Entomology Professor G. Thomas Fisher was better known by his epithet of “bug man” -- not only because he taught basic entomology, but because when he taught he became the insects. “I try to make the insects I discuss in class hop out of the book and manifest themselves right before my student’s eyes. And I do this by becoming the praying mantis flying across the room or the black widow spider climbing up a thread.” His mimicry techniques included effortlessly molding his deep, resonant voice into a wide repertoire of intonation and impersonations.

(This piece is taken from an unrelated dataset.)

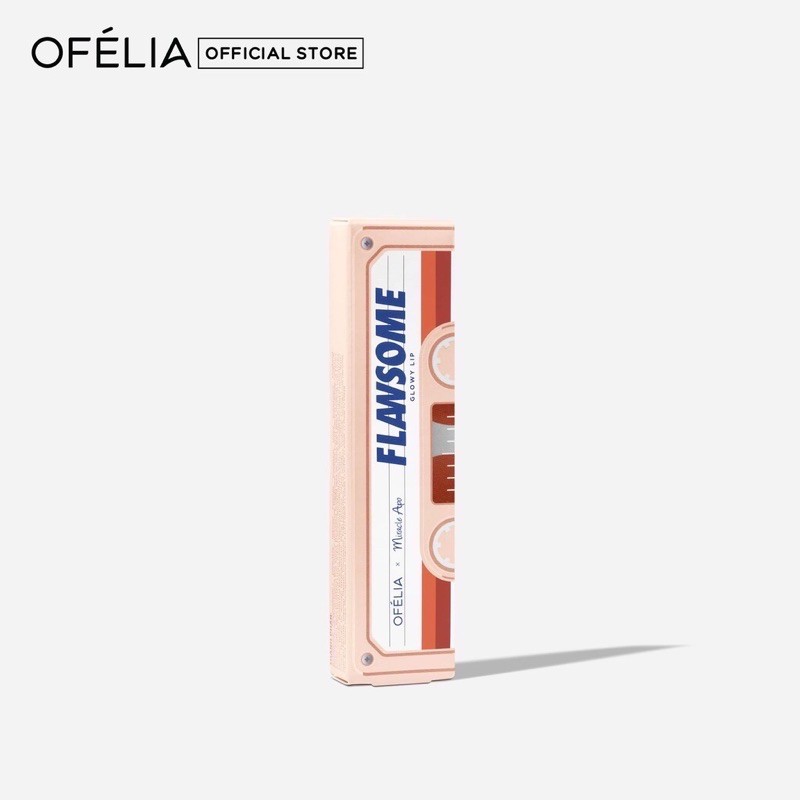 Set Son GLOWY LIP - OFÉLIA Flawsome & Bella Makeup Bag (4 sản phẩm) | BigBuy360 - bigbuy360.vn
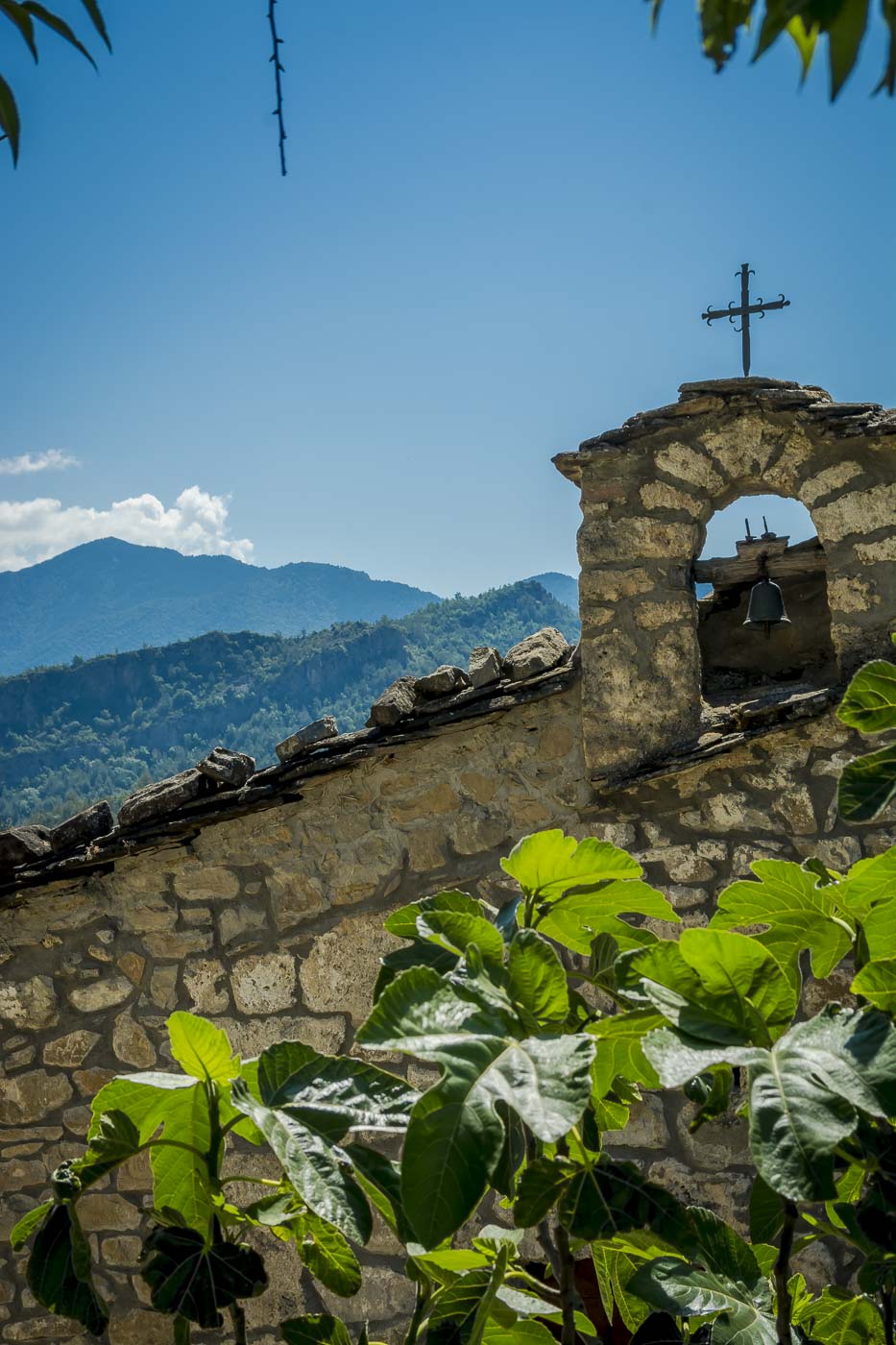 History and stunning scenery together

Fisher’s rich expressive voice was, in fact, the product of years of musical training. When he wasn’t imitating the sounds of bugs, he was singing professionally including as a soloist with the New York Philharmonic and in recital at Carnegie Hall. However, at UNH his musical ability was probably most widely recognized for those times when he taught the alma mater to his classes. The week before Homecoming, Fisher would surprise the class by handing out mimeographed sheets of the words. He would sing it through once to familiarize the students with the melody, and then whip out his pitch pipe to tune them. At first there were snickers and only the faintest warblings from his dubious chorus. But soon, by sheer force of enthusiasm, a lustily singing Fisher had them roaring through both verses.
Most of the students react positively to Fisher’s unorthodox lesson. “They come up after class and tell me that they appreciate someone finally teaching it to them. Most say they probably would never have learned the Alma Mater if I hadn’t taught it in my class.”